Problem ▸
A faithful copy is needed of the lines below from the one with "Aimant WA, comté" up to and including the one with "best puppy food for pitbull boxer mix"; set it down with no pictures and no other lines.

Exercise input ▸
Start of Block

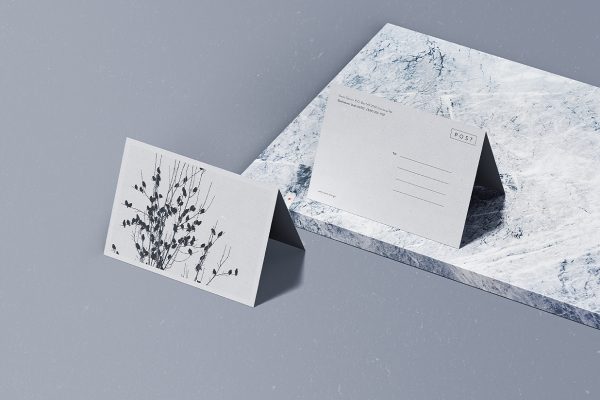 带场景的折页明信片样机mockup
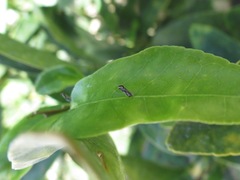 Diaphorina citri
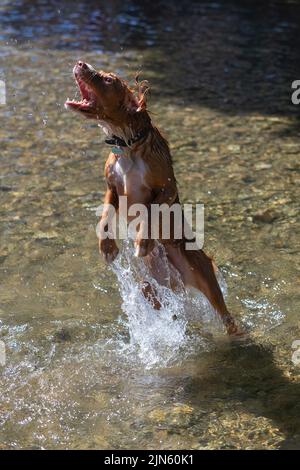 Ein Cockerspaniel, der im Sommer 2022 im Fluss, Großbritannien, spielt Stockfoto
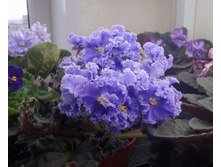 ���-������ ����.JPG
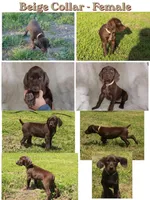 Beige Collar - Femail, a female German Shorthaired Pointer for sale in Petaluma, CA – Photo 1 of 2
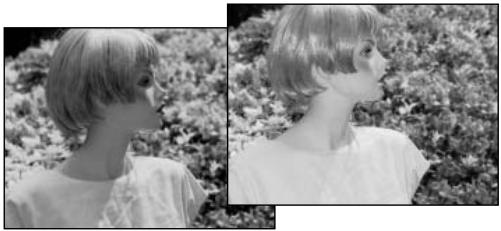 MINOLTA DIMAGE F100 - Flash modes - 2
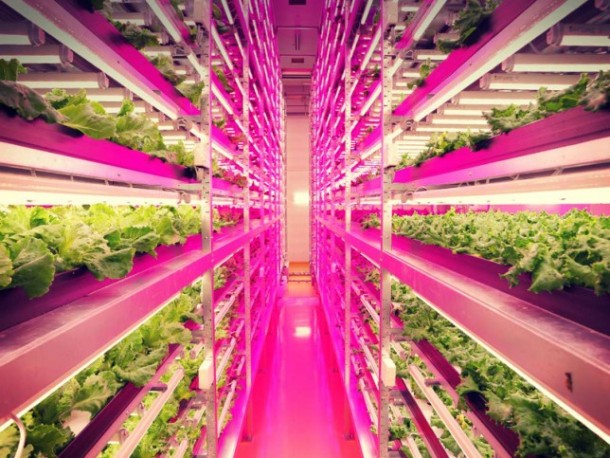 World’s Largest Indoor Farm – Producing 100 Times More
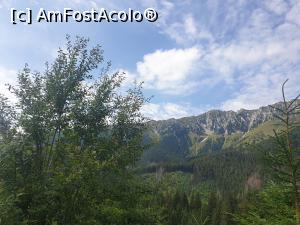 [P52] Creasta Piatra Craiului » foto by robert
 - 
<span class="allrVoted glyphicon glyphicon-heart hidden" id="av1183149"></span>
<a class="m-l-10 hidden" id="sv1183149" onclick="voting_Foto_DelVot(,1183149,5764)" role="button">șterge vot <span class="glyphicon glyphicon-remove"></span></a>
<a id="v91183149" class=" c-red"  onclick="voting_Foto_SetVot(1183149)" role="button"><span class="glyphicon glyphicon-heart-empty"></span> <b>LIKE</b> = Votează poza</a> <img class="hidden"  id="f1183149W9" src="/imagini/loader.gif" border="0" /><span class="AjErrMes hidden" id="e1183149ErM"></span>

End of Block
Start of Block

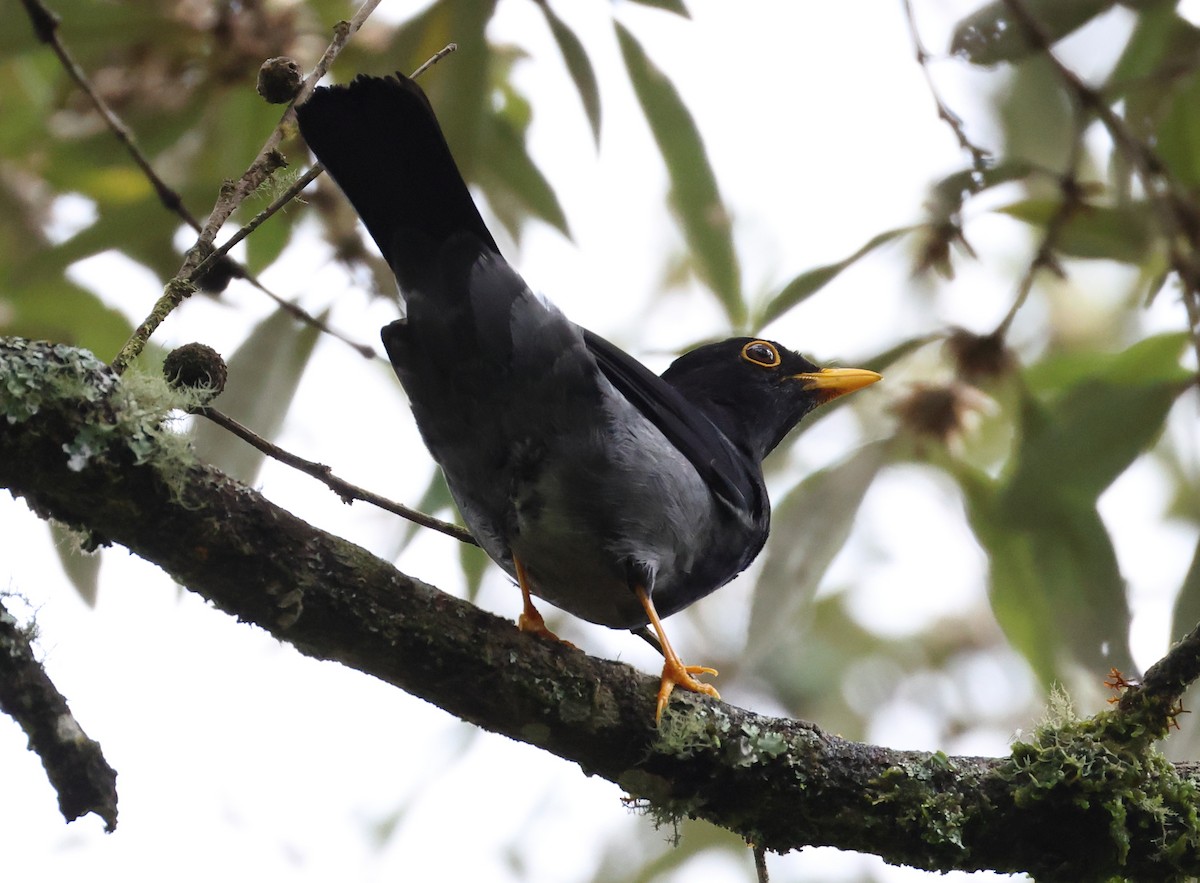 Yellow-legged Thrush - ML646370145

End of Block
Start of Block

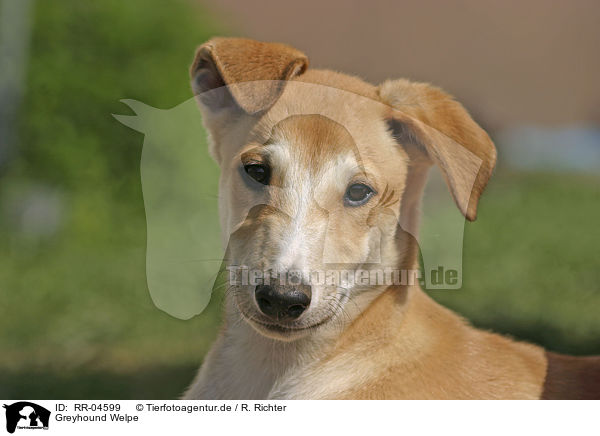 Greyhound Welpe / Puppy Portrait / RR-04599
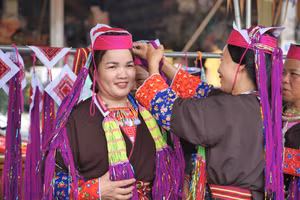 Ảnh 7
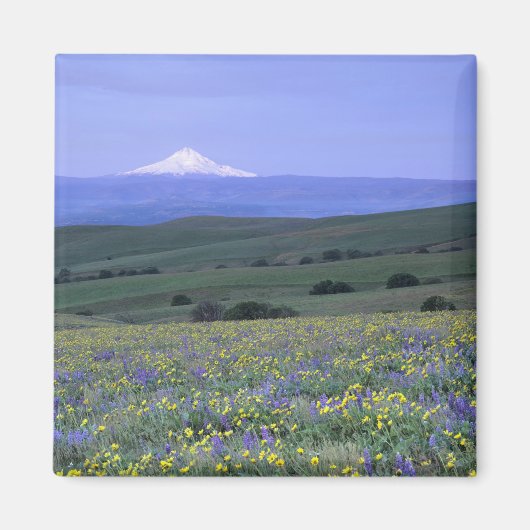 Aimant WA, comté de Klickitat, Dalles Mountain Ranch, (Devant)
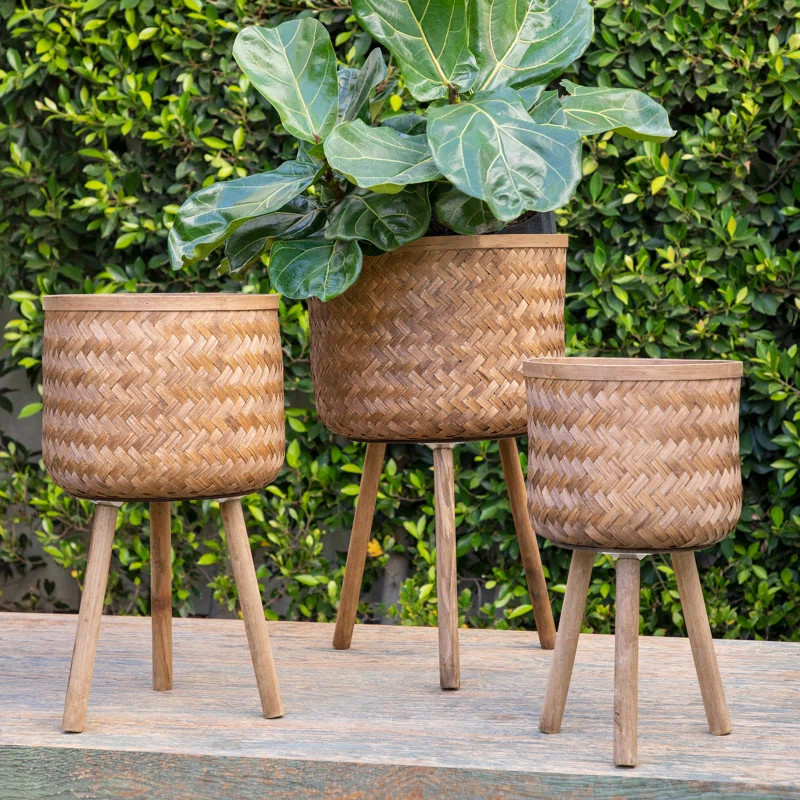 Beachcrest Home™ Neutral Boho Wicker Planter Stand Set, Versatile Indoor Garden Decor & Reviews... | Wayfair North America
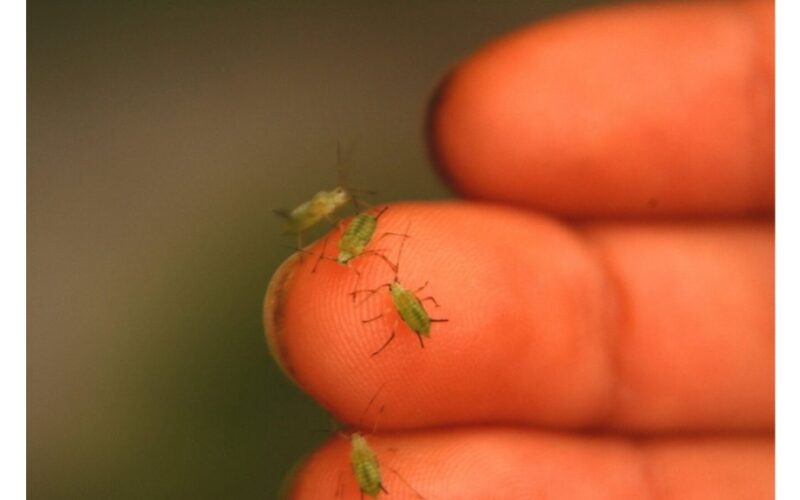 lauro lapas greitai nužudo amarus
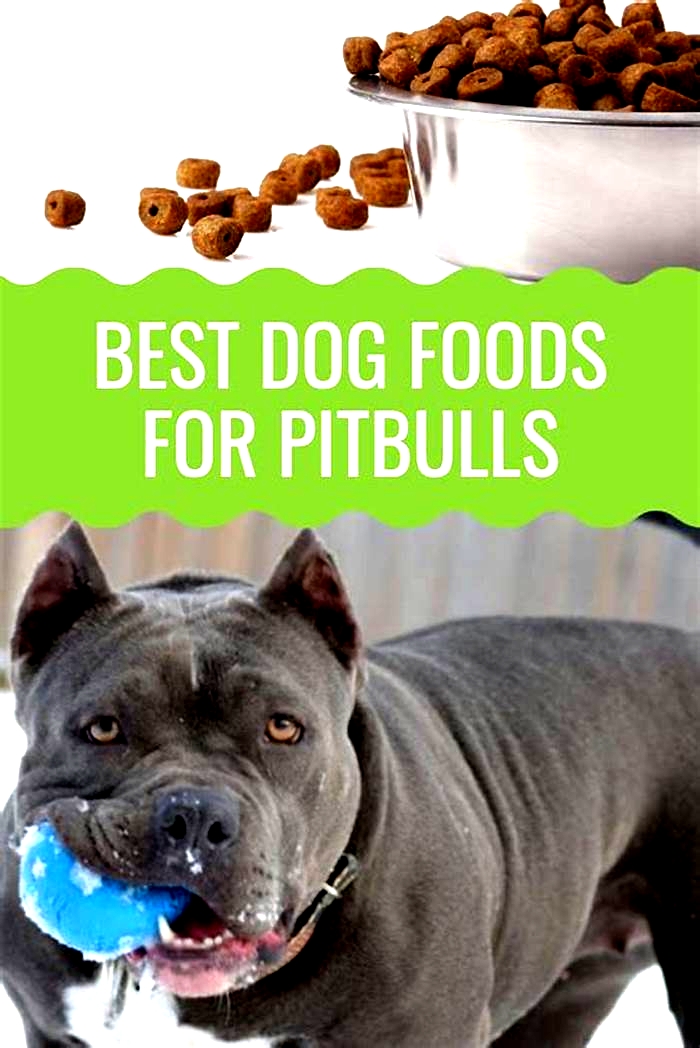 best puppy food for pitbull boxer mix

End of Block

Your response ▸
 Aimant WA, comté de Klickitat, Dalles Mountain Ranch, (Devant)
 Beachcrest Home™ Neutral Boho Wicker Planter Stand Set, Versatile Indoor Garden Decor & Reviews... | Wayfair North America
 lauro lapas greitai nužudo amarus
 best puppy food for pitbull boxer mix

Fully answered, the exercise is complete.